Ever since I was little, grocery shopping has been one of my favorite activities. Once a week, for just a few hours my dad and I would search the shelves at Boston’s finest supermarkets to find the best deals on pasta and chips, the ripest fruits and vegetables, the easiest junk food to hide from my mom, and of course the best flavors of ice cream. Grocery shopping didn’t just mean spending quality time with my dad, it also meant that I had the power to decide what my family ate that week. Naturally, I only picked out the most nutritious food Stop n’ Shop had to offer including Kraft Mac n’ Cheese, Gushers, Trix Yogurt, Pillsbury Cookie Dough, Sunbelt Granola Bars, Captain Crunch, and a personal favorite Hostess Ring-Dings.

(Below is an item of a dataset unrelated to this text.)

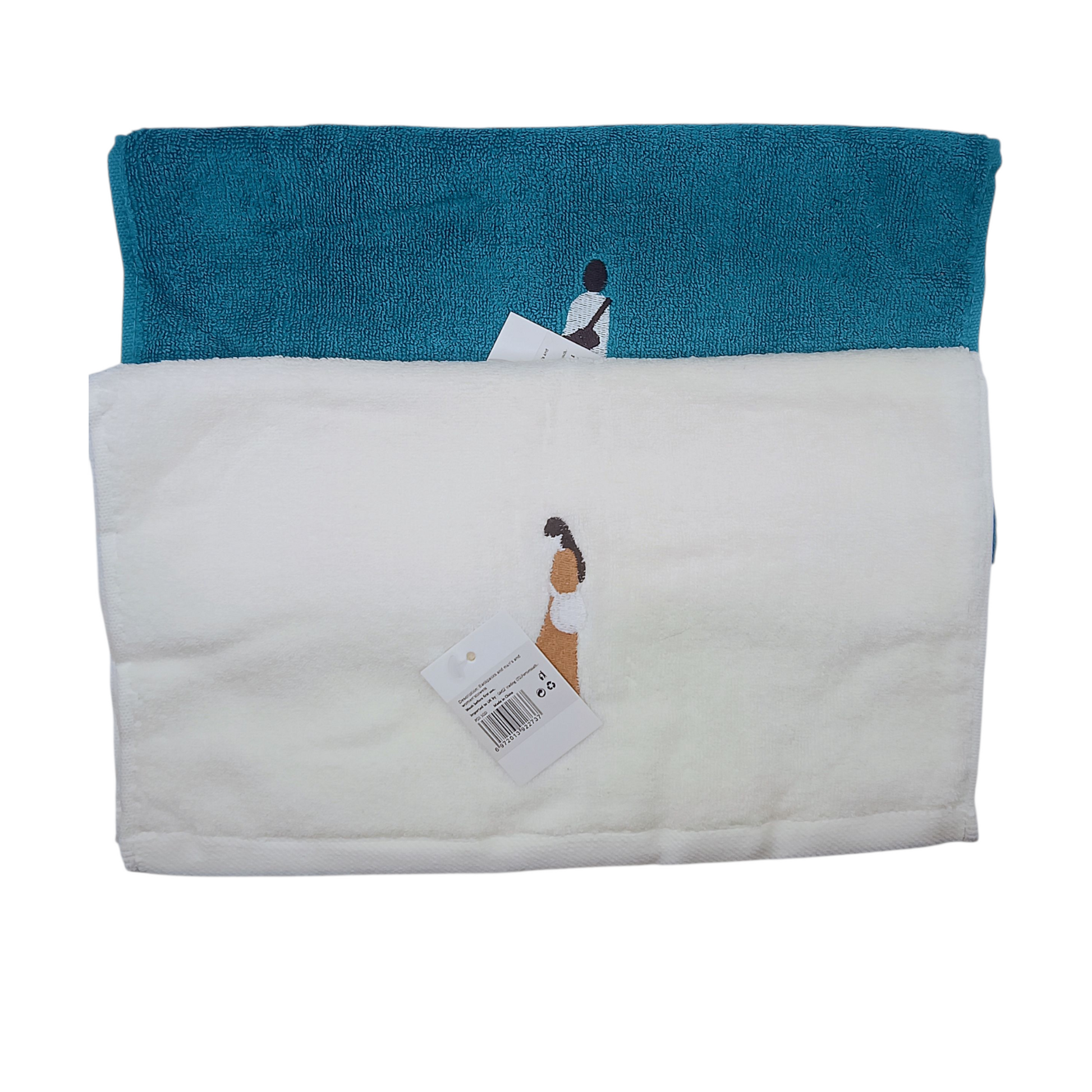 Folded towel with embroidered design on a white background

Now as I sat on the floor of the Presentation Room watching Food Inc. I realized where my delicious and somewhat nutritious food was really coming from. Images of filthy chicken coops, cruel slaughterhouses, and giant fields of genetically modified seeds flashed before my eyes. It suddenly struck me that almost every decision I had made at the grocery store with my dad in the past sixteen years has supported giant food manufacturing companies who make decisions every day that I don’t support. I can’t believe that I have gone so many years without knowing how the food I fuel my body with is made. I felt both frustrated and disgusted by the food industry. What goes on behind the closed doors of large manufacturing plants and farms is so clearly wrong, yet nothing is changing. I felt the anger that Kevin’s mother feels every day. To us it seems like such an obvious choice; we have to right the wrongs of our food industry. Humans created this industry, it is not set in stone, and we have the ability to change how and what we eat.

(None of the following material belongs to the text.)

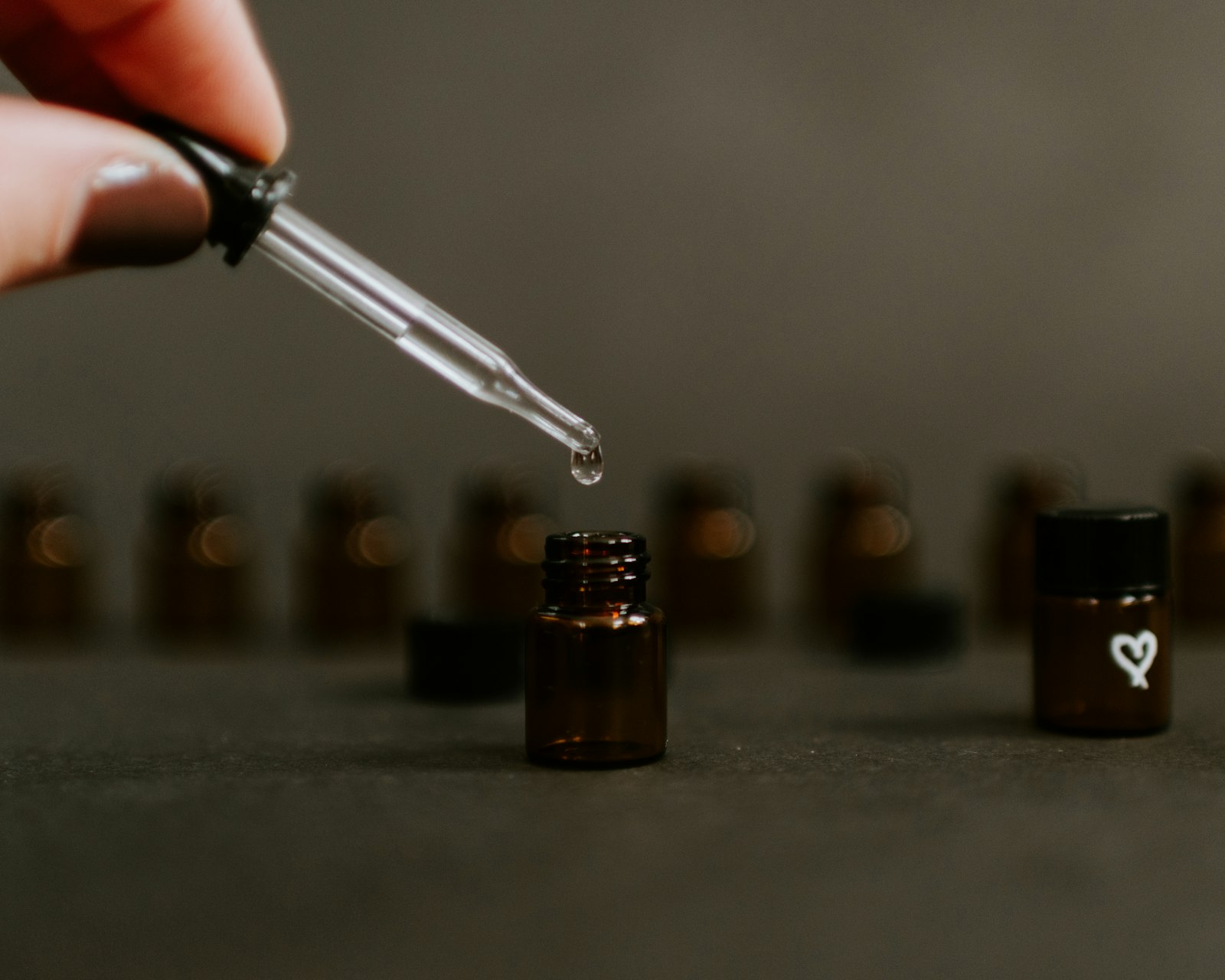 Amber essential-oil bottle with dropper in a calm, spa-like still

I remembered how lucky I felt to get to pick out my family’s snacks, dinners, and desserts each week. I had the power to decide what was put on our dinner table. What if I made the decision for my family to start eating polyface or organic food? What if I started going to farmer’s markets instead of Stop n’ Shop? Could I really be the one to change how my family thought about food? I could be that one. If I could convince my dad to buy me pizza lunchables every week, I could defiantly convince him to try a new style of eating. The choices we make when we head to the check out counter not only affect us, the consumer; they also affect the companies that we are supporting by buying their food. Do we really want to support the companies that are practicing animal cruelty and spreading food-borne illness? If I could raise my family’s awareness about food then maybe each of my three family members could spread their newfound awareness to their friends. The real issue with the food industry is that not enough people know what they’re eating. If we want to see a change in where our food comes from we have to truly understand where our food comes from. We have to take initiative and make the switch from Stop n’ Shop to farmer’s markets. We have to sacrifice for what we believe in. Our food matters, and it’s up to us to take a stand and fight for the right to eat well.

2 Comments leave one →
  1. Laura Crume permalink
    October 18, 2010 6:39 am

    Very well written Lea. I hope that all of you leave the IS with a better understanding of so many different areas of our lives that we take for granted. Most importantly, that you take what you have learned back to your family, school and community and make a difference. Thank you for sharing your journal entry.

    Laura
    Clay’s Mother

  2. Chiquisha permalink
    October 18, 2010 2:51 pm

    Lea,

    I totally agree. The choice definitely starts with self and it can be hard. Recently, I made a commitment to eat organic and I must admit that it can be both challenging and expensive. Why does society intentionally make it harder to do what’s right. Unfortunately the nation’s poor health is often facilitated by big business. What makes me excited and hopeful is knowing that you have realized this at such a young age and will influence those around you.